Simply knowing that you have a cart-to-visit ratio of 6% is only meaningful if you also realize that typical ratios in the industry are much, much higher and you have a significant room for improvement. Similarly, knowing that you have a checkout-abandonment ratio of 70% is only useful for improving your performance if you also realize that typical ratios are much lower. After all, a number is just a number until it's put into some relative, contextual framework.

Why is this metric at this level of performance?

Whether your metrics are high or low, relatively speaking, your next question should be "why?" An overall orders-to-visits conversion rate that is really low might be a symptom of a really uncompetitive offer, a shotgun approach to lead-generation, a poorly-constructed web site, or a combination of these factors. Along the same lines, a really high checkout-abandonment ratio could have a symptom of high shipping rates, lack of shipping options, slow secure-server response times, lack of payment options, etc. Like a good doctor, you must get to the underlying causes before you can prescribe effective solutions.
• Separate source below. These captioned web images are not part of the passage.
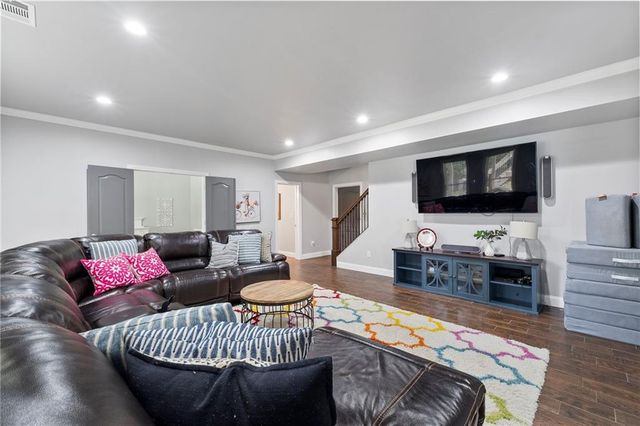 940 Checkered Way NW, Kennesaw, GA 30152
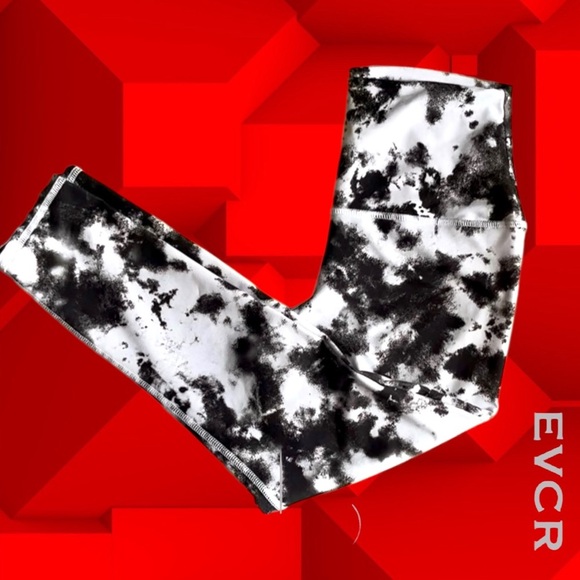 EVCR Black and White Tie-Dye Leggings - Picture 5 of 7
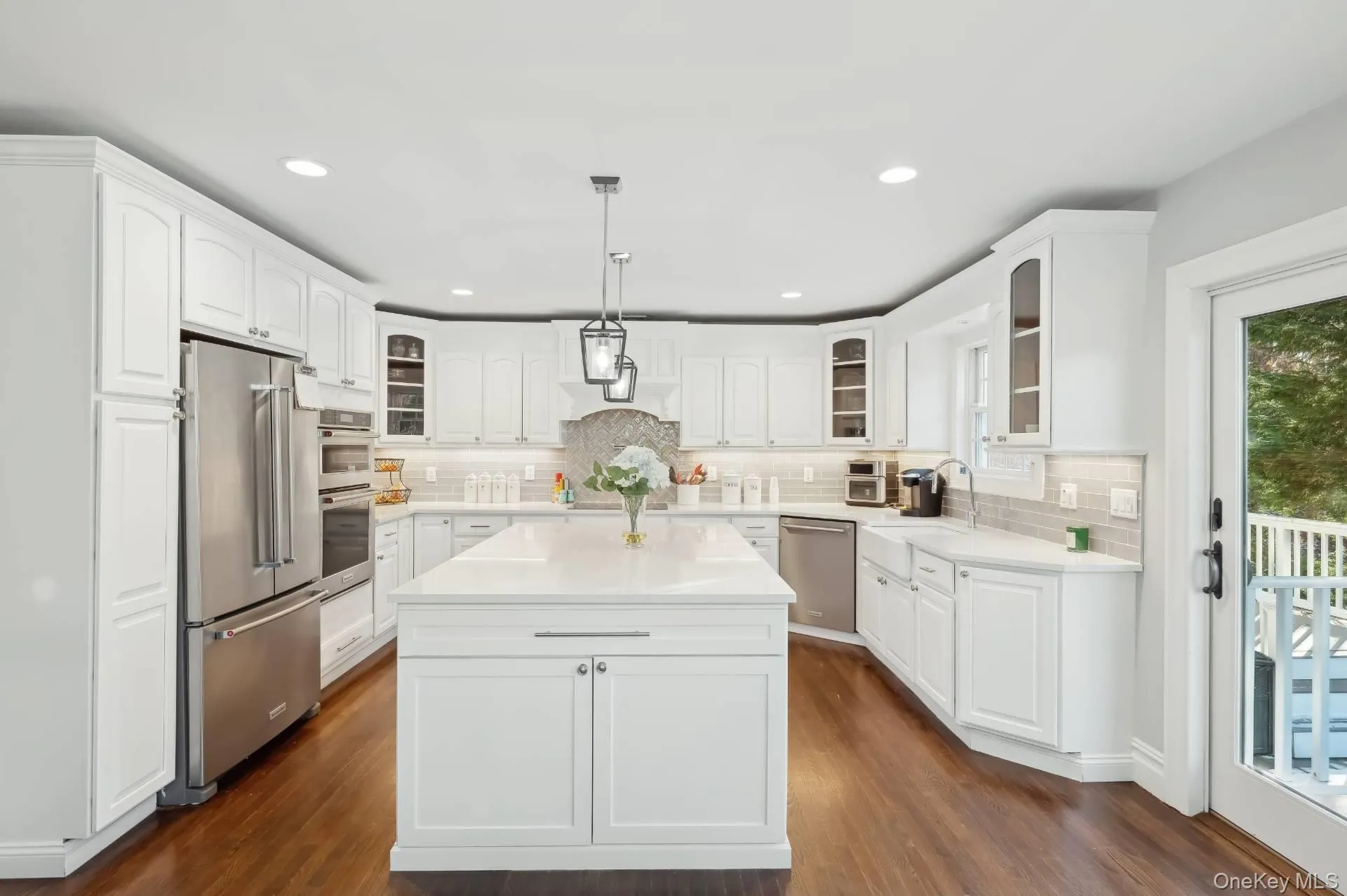 47 Bathing Beach Road, Southampton, NY, 4 Bedrooms Bedrooms, 13 Rooms Rooms,4 BathroomsBathrooms,Residential Lease,Idx,Bathing Beach,0,953709 47 Bathing Beach Road, Southampton, NY, 4 Bedrooms Bedrooms, 13 Rooms Rooms,4 BathroomsBathrooms,Residential Lease,Idx,Bathing Beach,0,953709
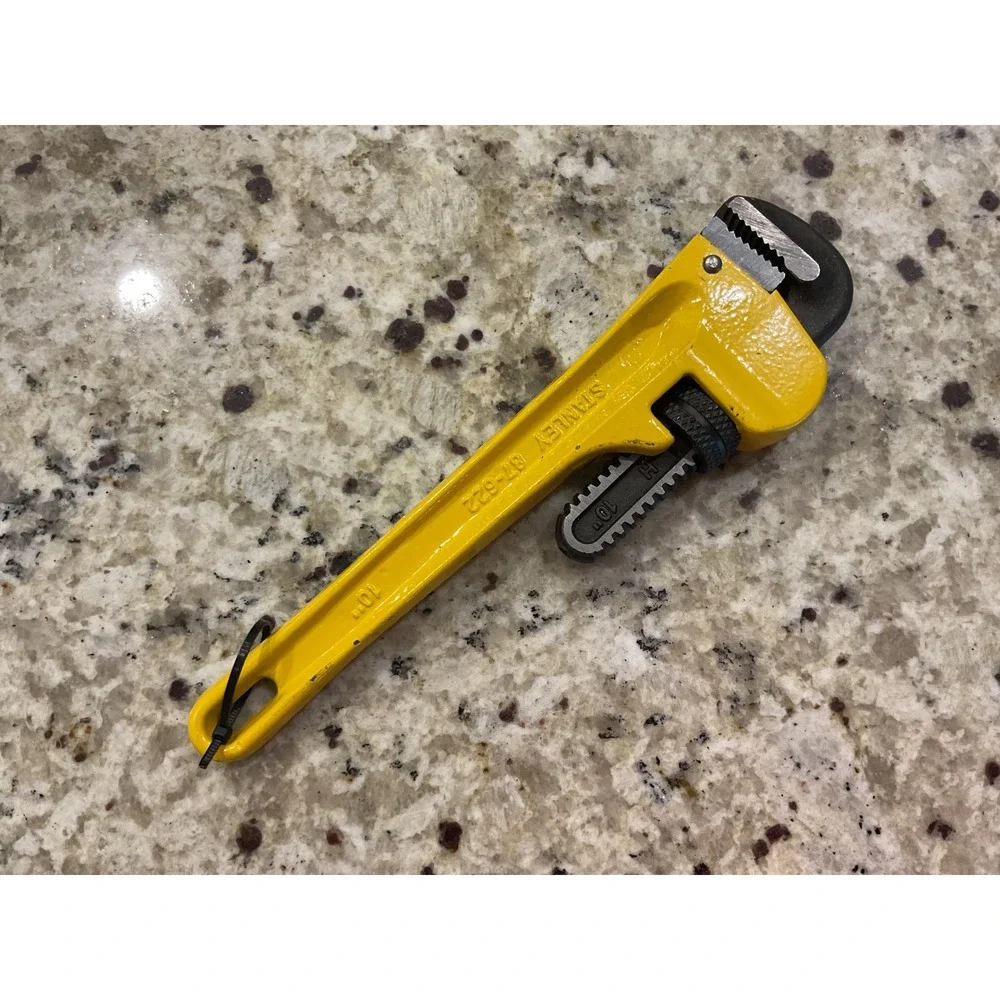 Stanley 10 Inch Yellow Heavy Duty Pipe Wrench Model 87-622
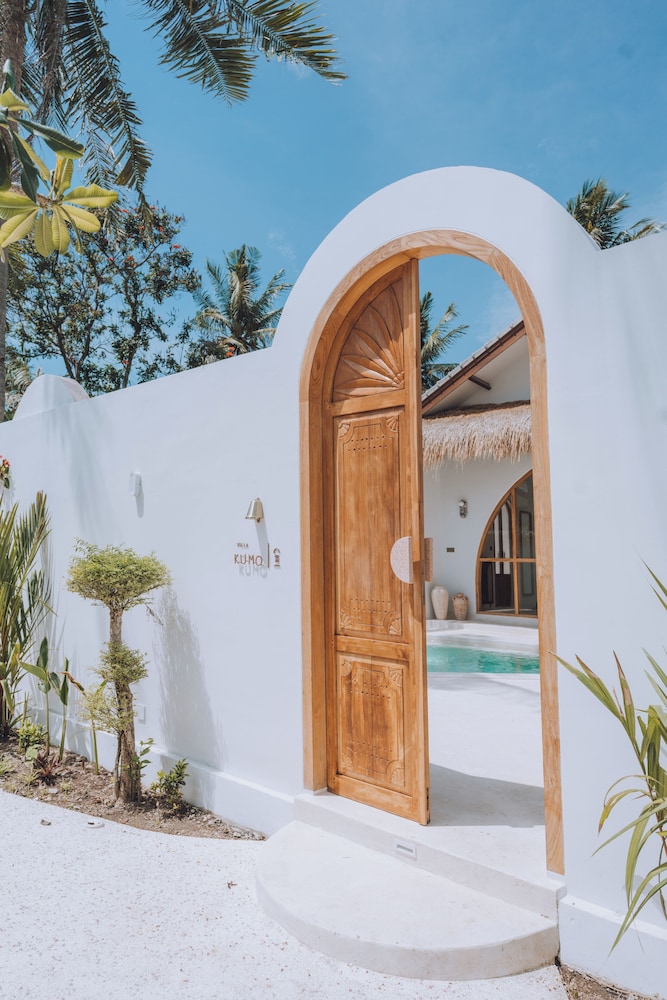Lumora Boutique Villas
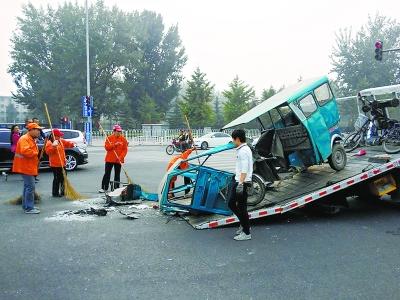 北京大兴一轿车与摩的相撞 致4人受伤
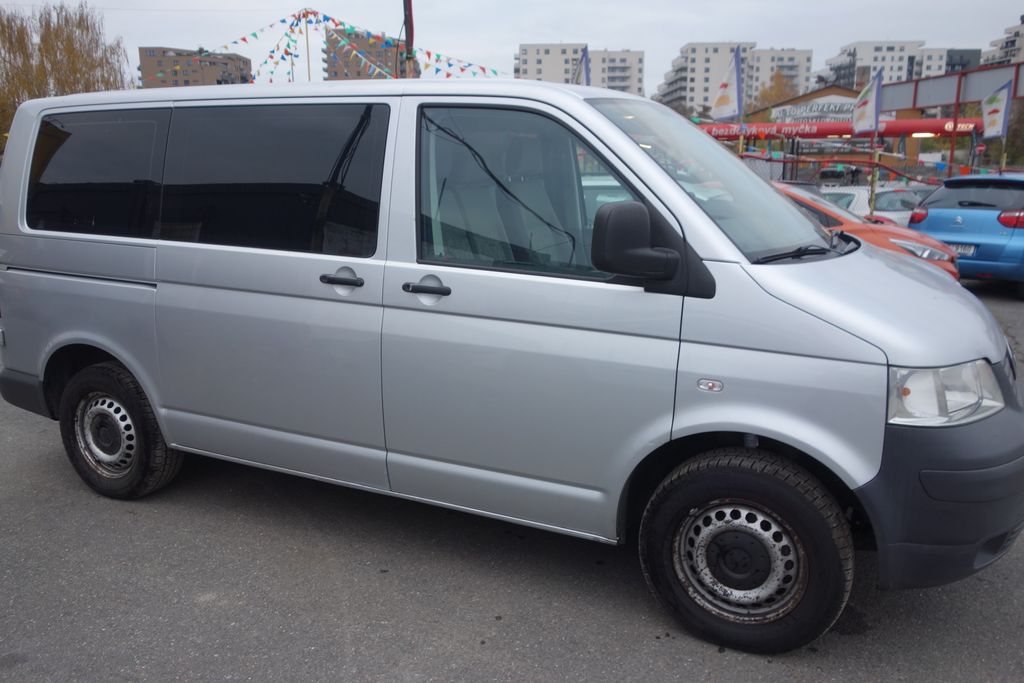 volkswagen-transporter-1-9tdi-75kw-9-mist-pekny - 4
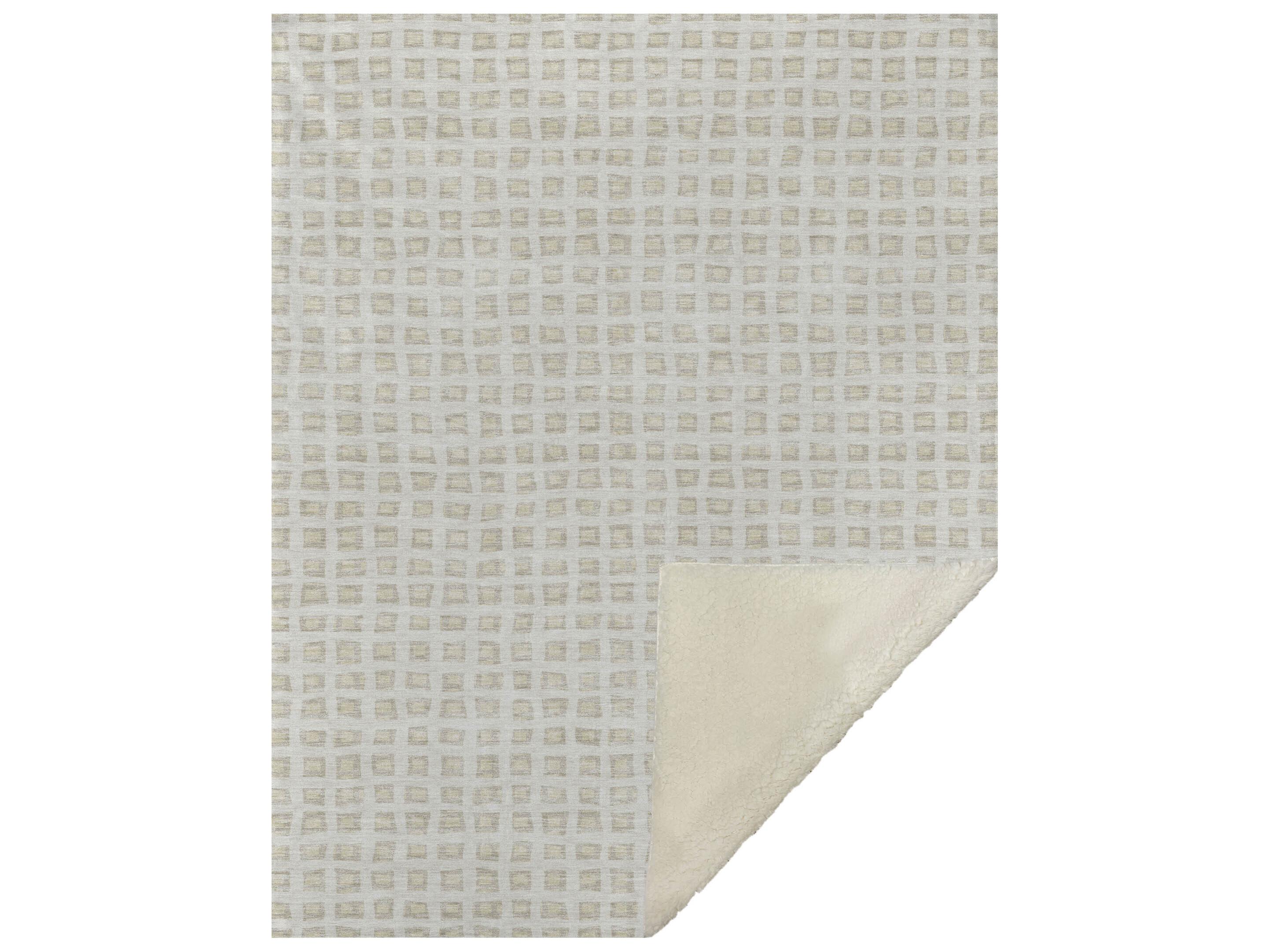 Dalyn Sherpa Ivory Polyester Throw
What is causing this metric to change over time?

When you see a metric changing significantly over time, it's almost always profitable to try and understand why. In certain markets, a significant increase in your orders-to-visits conversion ratio could be caused by a change in competitive pricing conditions and may indicate that you're leaving big money on the table with pricing that is too low. Similarly, a big decline in cart-to-visit ratios may be caused by an influx of unqualified traffic – which may or may not be a problem, depending on whether the source is a paid source.

How can I profitably impact this metric in a sustainable way?

Once you understand the root-causes behind the metrics and the various elements that can have an effect on the numbers themselves, you have the keys to identifying profitable, systemic improvements. Let's say, for example, that you've identified six possible root-causes behind your reliably high checkout-abandonment rates. You can now tackle each one, starting with the easiest and least costly.

Extreme measure-ability is one of the many virtues of e-commerce business. But if you are not prepared to really use the metrics and measures to diagnoseose problems and identify opportunities for profit improvement, you might be measuring the right things but for all the wrong reasons.